- Task statement:
The answer must consist only of the lines from the line with "Setups &amp;gt; prediction." to the line with "Huawei IP New Technology Series - NG MVPN", both included, exactly as they stand below.

---------- The input

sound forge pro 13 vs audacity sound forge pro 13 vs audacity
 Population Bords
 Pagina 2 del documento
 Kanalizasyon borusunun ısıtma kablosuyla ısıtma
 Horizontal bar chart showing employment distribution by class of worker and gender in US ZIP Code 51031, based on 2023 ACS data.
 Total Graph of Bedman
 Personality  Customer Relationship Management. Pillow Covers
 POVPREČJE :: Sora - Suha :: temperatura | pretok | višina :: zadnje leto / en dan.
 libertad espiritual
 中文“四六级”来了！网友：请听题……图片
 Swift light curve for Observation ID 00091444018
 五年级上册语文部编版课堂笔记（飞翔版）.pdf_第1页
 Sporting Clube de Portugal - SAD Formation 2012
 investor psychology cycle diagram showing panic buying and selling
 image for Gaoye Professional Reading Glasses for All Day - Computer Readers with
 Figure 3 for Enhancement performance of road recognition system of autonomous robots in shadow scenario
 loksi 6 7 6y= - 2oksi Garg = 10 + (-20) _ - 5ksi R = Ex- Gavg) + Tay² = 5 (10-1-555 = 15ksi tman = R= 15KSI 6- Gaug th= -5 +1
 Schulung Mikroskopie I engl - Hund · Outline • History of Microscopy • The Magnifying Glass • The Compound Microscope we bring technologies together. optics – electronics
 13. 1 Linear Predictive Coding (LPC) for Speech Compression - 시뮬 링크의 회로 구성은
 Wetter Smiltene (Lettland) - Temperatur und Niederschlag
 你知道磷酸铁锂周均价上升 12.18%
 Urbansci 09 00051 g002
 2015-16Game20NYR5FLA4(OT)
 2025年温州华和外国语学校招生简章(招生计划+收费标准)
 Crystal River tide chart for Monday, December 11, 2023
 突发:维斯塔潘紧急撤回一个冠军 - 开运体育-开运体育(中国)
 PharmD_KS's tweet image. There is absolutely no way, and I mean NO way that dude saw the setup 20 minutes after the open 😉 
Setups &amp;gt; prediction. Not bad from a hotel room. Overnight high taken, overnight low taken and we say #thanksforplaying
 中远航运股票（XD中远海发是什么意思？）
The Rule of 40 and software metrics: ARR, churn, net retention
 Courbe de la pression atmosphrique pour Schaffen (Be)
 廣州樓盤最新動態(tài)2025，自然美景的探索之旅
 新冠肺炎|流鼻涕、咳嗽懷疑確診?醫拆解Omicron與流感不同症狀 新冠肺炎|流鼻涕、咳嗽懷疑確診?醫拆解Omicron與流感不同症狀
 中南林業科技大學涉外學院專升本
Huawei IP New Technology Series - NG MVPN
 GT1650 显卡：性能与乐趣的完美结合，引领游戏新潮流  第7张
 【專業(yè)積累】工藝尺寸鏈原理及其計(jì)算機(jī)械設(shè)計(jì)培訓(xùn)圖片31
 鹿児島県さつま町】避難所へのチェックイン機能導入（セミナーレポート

--------------------

- Solution for this problem:
Setups &amp;gt; prediction. Not bad from a hotel room. Overnight high taken, overnight low taken and we say #thanksforplaying
 中远航运股票（XD中远海发是什么意思？）
The Rule of 40 and software metrics: ARR, churn, net retention
 Courbe de la pression atmosphrique pour Schaffen (Be)
 廣州樓盤最新動態(tài)2025，自然美景的探索之旅
 新冠肺炎|流鼻涕、咳嗽懷疑確診?醫拆解Omicron與流感不同症狀 新冠肺炎|流鼻涕、咳嗽懷疑確診?醫拆解Omicron與流感不同症狀
 中南林業科技大學涉外學院專升本
Huawei IP New Technology Series - NG MVPN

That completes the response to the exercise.